Okay, they do. We tell each other; on blogs, medical forums, Facebook groups, Twitter, Instagram; really any platform we can bash our fingertips on.

But the ‘specialists’ that diagnose you don’t. At least not to me.

They don’t explain that what you’ve just been diagnosed with will not only spend its time laying low, only to strike any given day it damn well pleases, but shroud you in shame and embarrassment, anger and frustration, desperation and depression, exhaustion and forgetfulness. Cue laptops covered in post-its, endless scribbles in diaries, lipstick memos on the bathroom mirror.

They don’t really tell you about the stabbing, jabbing, punching, aching, twisting and turning of your reproductive bits and anything else those cheeky plasma cells want to adhere to; the constant juggle between taking enough pain relief to stop the pain for all of 4-6 hours and not dissolving your insides with stomach ulcers (okay, perhaps they give you this as guidance on the bottle) and remembering when you’ve taken them; the excuses, the explanations, the self-doubt, the trying to tell yourself ‘it’s really not that bad’ when actually it is days, the ‘sorry I can’t come to work because of cramp’ days, and the absolute horror of feeling totally and completely debilitated.
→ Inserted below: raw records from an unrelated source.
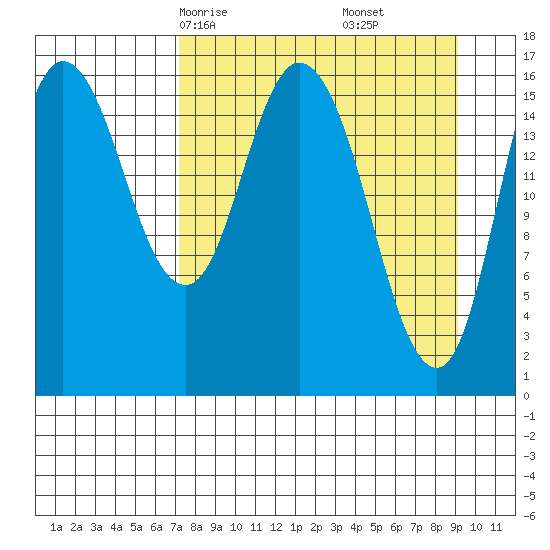 Ninilchik tide chart for Wednesday, April 7, 2021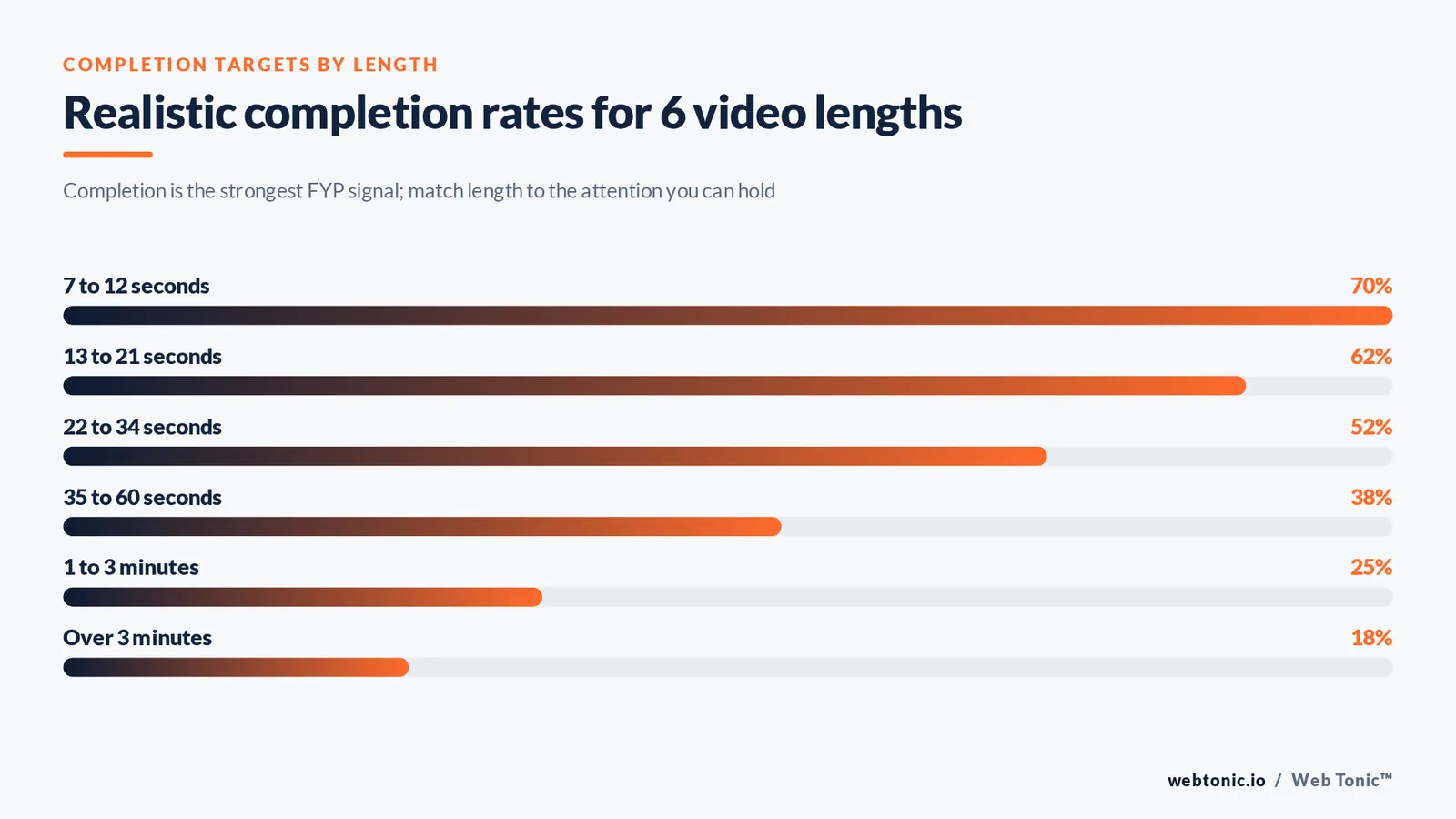 Bar chart of realistic TikTok video completion rate targets for six video lengths from seven seconds to over three minutes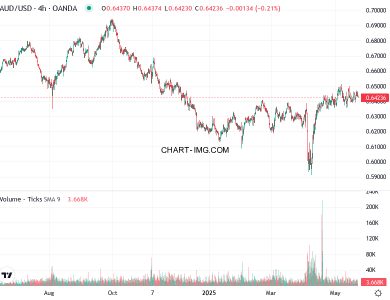 phan tich aud usd h4 22 05 2025 1000 quan sat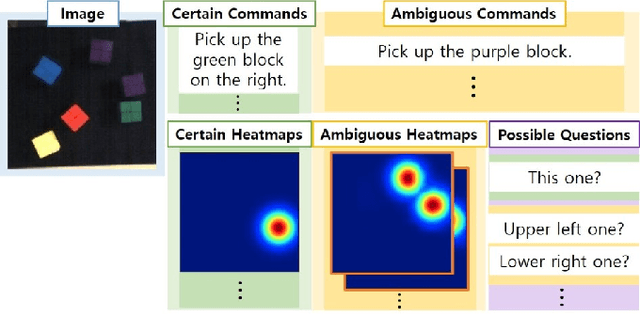 Figure 4 for Interactive Text2Pickup Network for Natural Language based Human-Robot Collaboration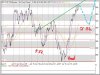Chart - SPX.X.XP - S&P 500 INDEX - 30 Minutes.jpg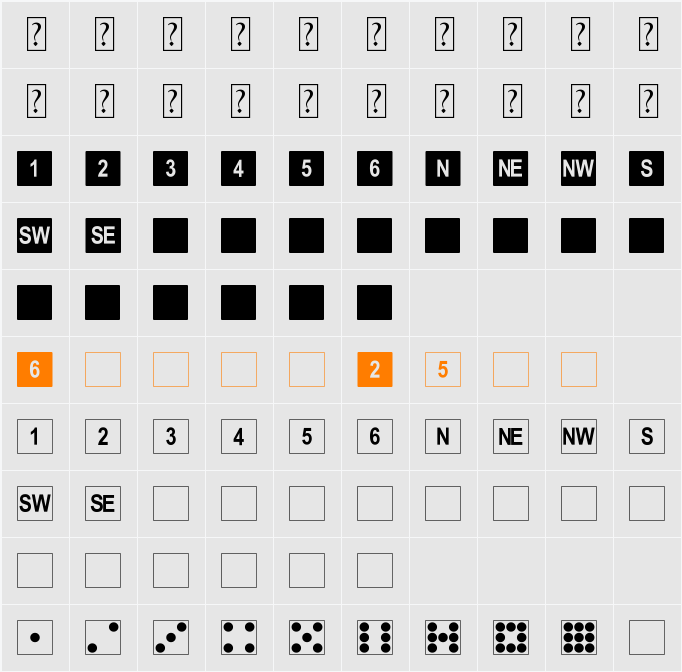 Hexahedron Character Map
They don’t give you the nitty gritty that you have to figure out for yourself. The shame of very normal yet altogether downright unsavory vaginal infections, PID, blowfish-esque bloating 20 days of the month because even though you may not get periods as such, especially if you’ve got the coil, oh boy will your body still tell you when you were supposed to have them.
And it really doesn’t matter how old you are, how mature you think you are, how ‘together’ you feel, or even how much you tell yourself that you really don’t care what people think, there’s still that shame and utter humiliation when you lay that box of Canesten on the very slow check out conveyor belt, only to turn around and have sets of ogling eyes scrutinising you for your seemingly poor sexual life choices. Not even post-Covid 6ft social distancing lessens the invisible judgement bubble.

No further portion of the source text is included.